Student Understanding of Personal Finance Sorely Lacking

The Oregonian has reported on the results of a new study that shows American students' appalling lack of understanding of personal finance. Researchers out of the University of Nebraska wrote that even when students were incentivized with cash prizes, they scored on average only 52% on a personal finance exam. In another disturbing finding, the authors determined that a substantial gender gap exist in fiscal knowledge, with boys outscoring girls on 20 out of the 23 subject areas covered by the test.

What sets this study apart from similar research published in previous years is that every student out of the nearly 6,700 high-schoolers who took the exam was at the same time enrolled in a course that was meant to teach them the concepts being assessed by the researchers. They were additionally motivated by cash prizes since they were competing in the National Finance Challenge which was held in the spring of 2011.

"We believe our findings are representative of a best case scenario for financial literacy in U.S. high schools since they were collected under competitive incentives," said co-author Carlos Asarta, an associate economics professor at Nebraska. The students hailed from 11 states, none on the West Coast.

The lack of conceptual understanding such as interest rates, budgeting, taxes and insurance could be a substantial handicap to students beginning their college careers. Many make irresponsible financial decisions during their time as students, and end up graduating carrying not only a substantial student debt load, but also large amount of credit card and other personal debt.

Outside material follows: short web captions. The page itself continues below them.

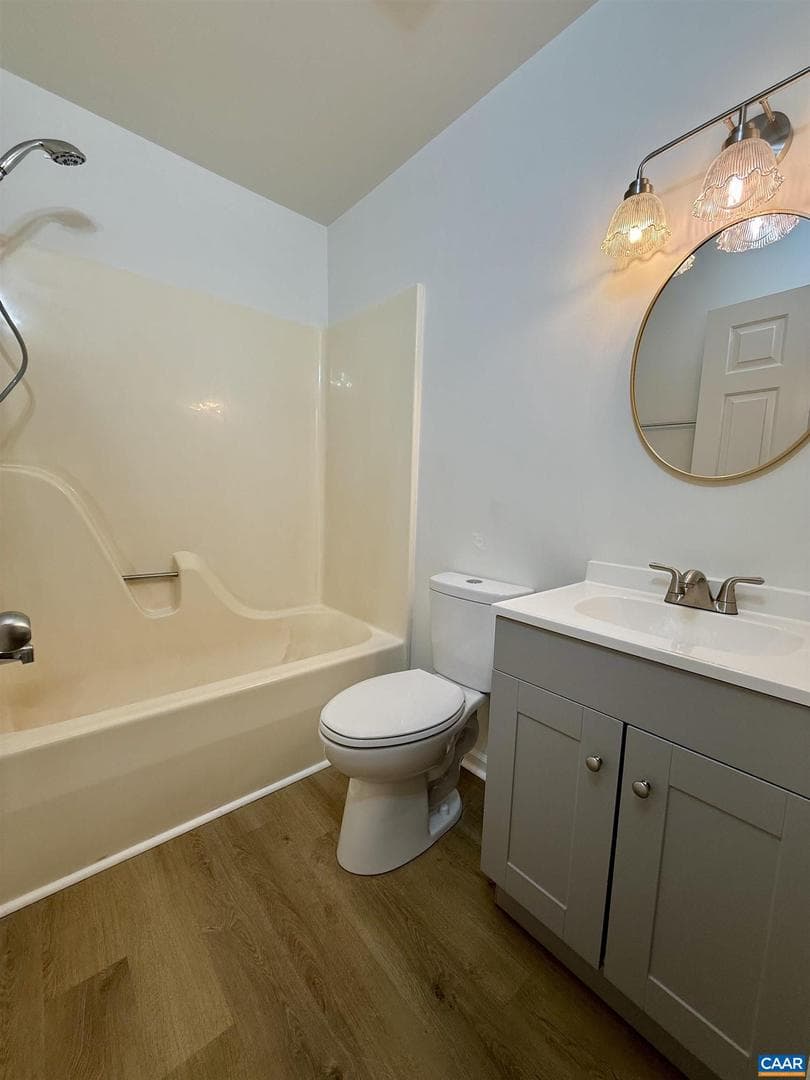 1026 Highlands Dr photo 15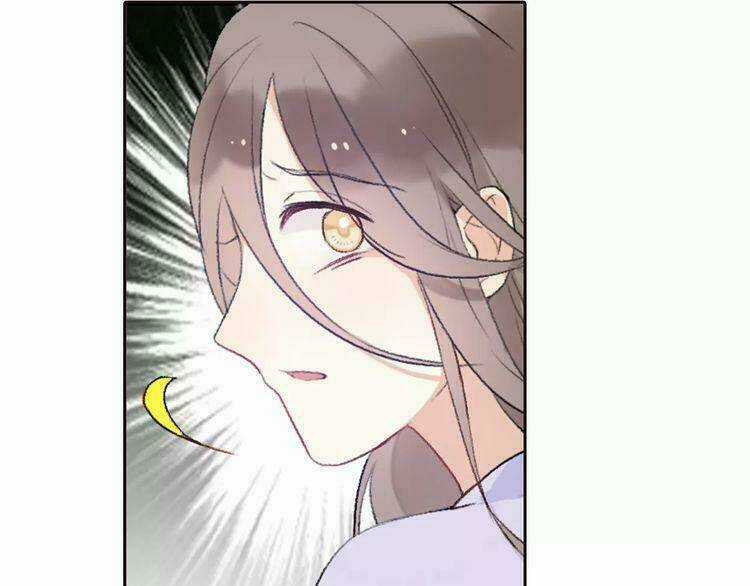 Cuộc Chiến Tình Yêu - Chapter 6 - Trang 55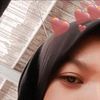 afi.fah_p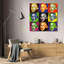 Albert Einstein (Pop Art)-197800162
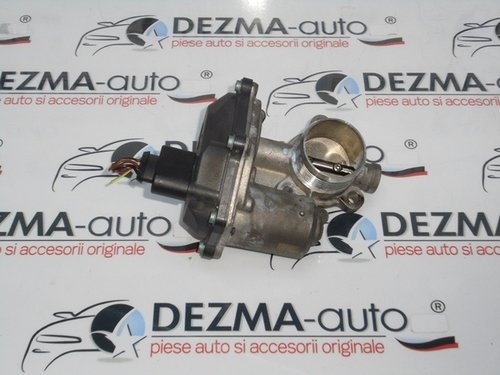 Egr 04L131501C, Vw Golf 7, 1.6 tdi, CRKB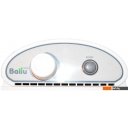 Обогреватели Ballu BEC/ETMR-1500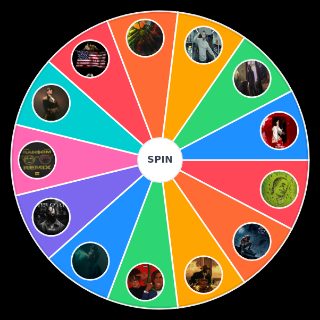 Pick a Random Juice WRLD Features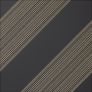 Color swatch Black Gold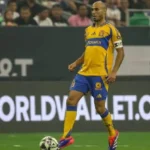 Soi kèo góc Club Tijuana vs Tigres UANL, 10h00 ngày 04/04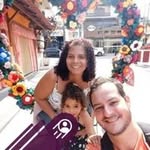 Sergio Rizzo - @sergiorizzo2_ - Instagram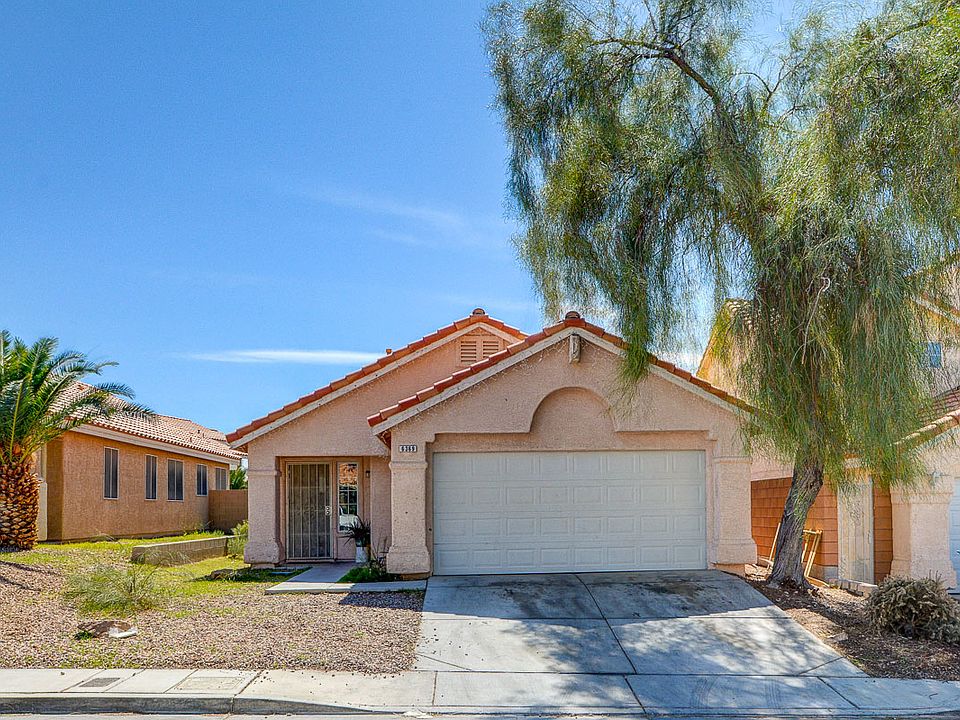 1st image of 6369 Canyon Vista Ct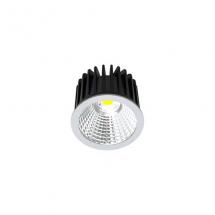  MODU LED 9W 830Lm 3000K 38�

It is no surprise that students find that keeping their use of credit in check to be difficult, in light of the fact that the test showed them to be most ignorant on the issues dealing with buyer/seller responsibility and creditor obligations.

Boys scored higher than girls by an average of 4 percentage points. Girls did poorest on questions about investing. They scored higher than boys on two questions gauging personal financial responsibility and financial decision making.

"What seems important is the fact that educators should address this financial literacy gap among students at a young age because it has been found to persist well into adulthood," the authors wrote. "Unfortunately, most financial educational programs and materials have been aimed at adults, with limited development of high school based curricula."

The study has already been accepted for publication and should appear in the pages of an upcoming issue of the Journal of Economics and Finance Education. The authors will also deliver a presentation based on their findings at the next annual meeting of the Council of Economic Education.